En Chile, el panorama demográfico del cierre de 2025 pinta una realidad estructural de baja natalidad que ha ido profundizándose en las últimas décadas y que hoy se refleja en niveles históricos de fecundidad muy por debajo del umbral de reemplazo generacional. Según datos oficiales del Instituto Nacional de Estadísticas (INE), la tasa global de fecundidad (TGF), que mide la cantidad promedio de hijos que tendría una mujer a lo largo de su vida, se situó en 1,16 hijos por mujer, marcando uno de los niveles más bajos registrados en la historia del país y quedando por debajo de la tasa de reemplazo de 2,1 hijos definida por la OCDE para mantener estable la población.
Esta caída en la natalidad no es un fenómeno aislado. El número de nacimientos ha disminuido consistentemente desde hace años, con registros que muestran cifras significativamente menores a las de décadas anteriores.

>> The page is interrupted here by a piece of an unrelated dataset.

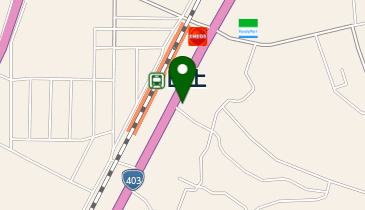 パーティーキッチンココの地図画像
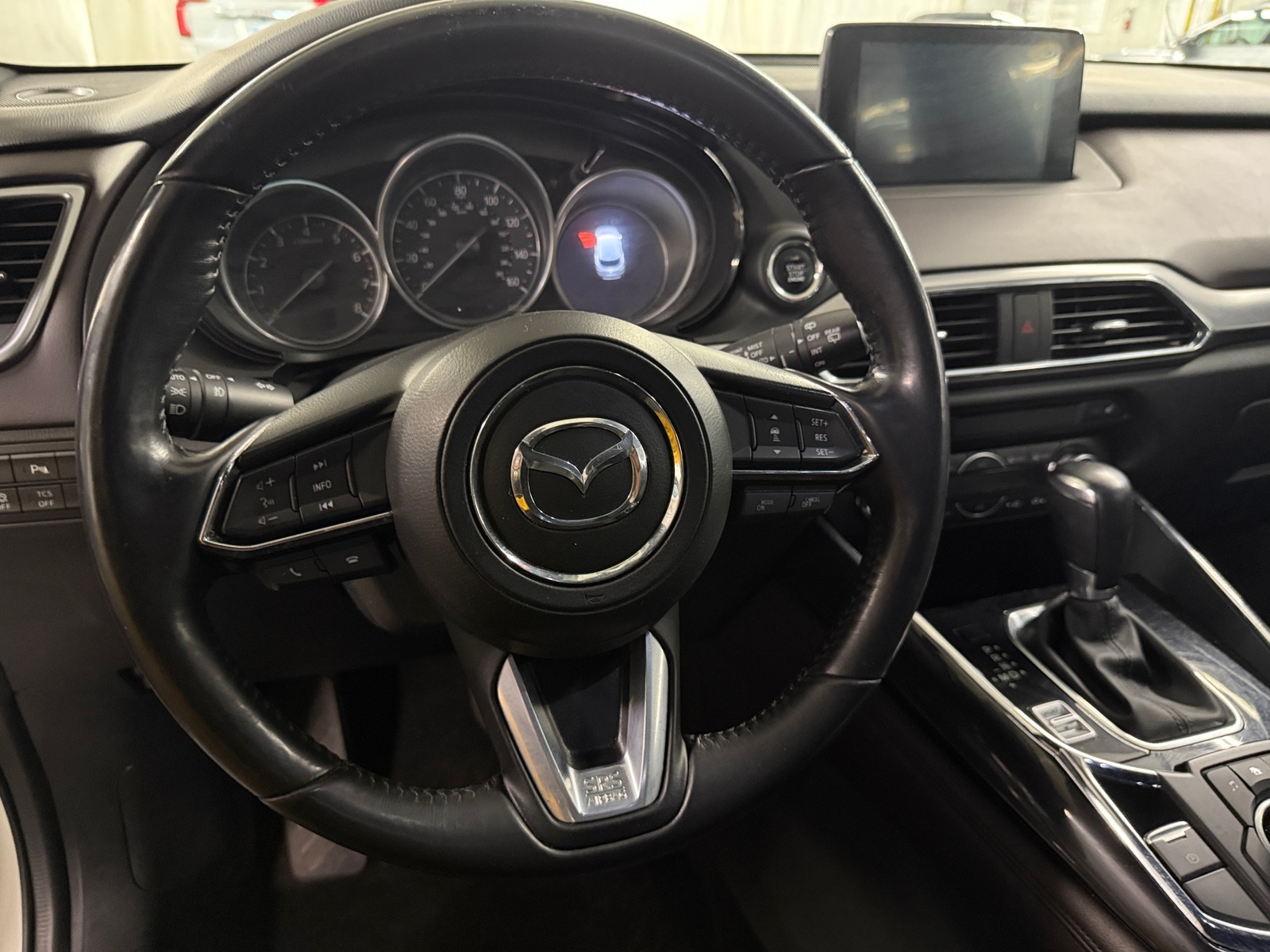 Thumbnail: 2018 Mazda CX-9 - 4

La baja fecundidad ha coincidido con un retraso en la edad media de las madres (30,6 años), lo cual agrava las tasas de fertilidad efectiva y se asocia a mayores riesgos obstétricos y aumento de complicaciones en embarazos de madres mayores.

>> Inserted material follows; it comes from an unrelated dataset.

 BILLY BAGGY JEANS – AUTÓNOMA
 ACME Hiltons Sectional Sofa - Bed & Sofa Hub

Los factores detrás de esta crisis demográfica incluyen aspectos económicos y sociales: el alto costo de vivir y mantener una familia, la postergación de la maternidad en favor de estudios, carreras y experiencias personales, y cambios culturales que han modificado las decisiones reproductivas de las nuevas generaciones. Esto ha llevado a que Chile registre cifras comparables a países con poblaciones envejecidas como Japón o Corea del Sur, aunque con un nivel de desarrollo distinto al de estas economías.

La baja natalidad tiene implicaciones económicas claras: una estructura poblacional envejecida tensiona los sistemas de pensiones, aumenta la demanda de cuidados de largo plazo y puede impactar negativamente la oferta laboral futura, reduciendo el crecimiento potencial de la economía. Sectores como la salud y la educación maternoinfantil enfrentan retos adicionales, mientras que las proyecciones demográficas sugieren que, en alrededor de una década, un tercio de la población chilena tendrá 65 años o más, y para 2050, la mitad de la población podría tener 50 años o más.
Este fenómeno demográfico también influye en la demanda inmobiliaria, en la planificación urbana y en la sostenibilidad fiscal de programas sociales a largo plazo. Por ejemplo, una población más envejecida tiende a reducir la demanda por viviendas familiares amplias y a incrementar las necesidades de servicios de salud y pensiones, lo cual tiene impacto en las políticas públicas y en la asignación de recursos dentro del presupuesto nacional.
En suma, la evolución demográfica en Chile hacia una baja tasa de natalidad y una población que envejece aceleradamente representa un desafío estructural para la economía del país, con impactos que trascenderán el corto plazo y requerirán ajustes en políticas públicas, mercado laboral y modelos de protección social.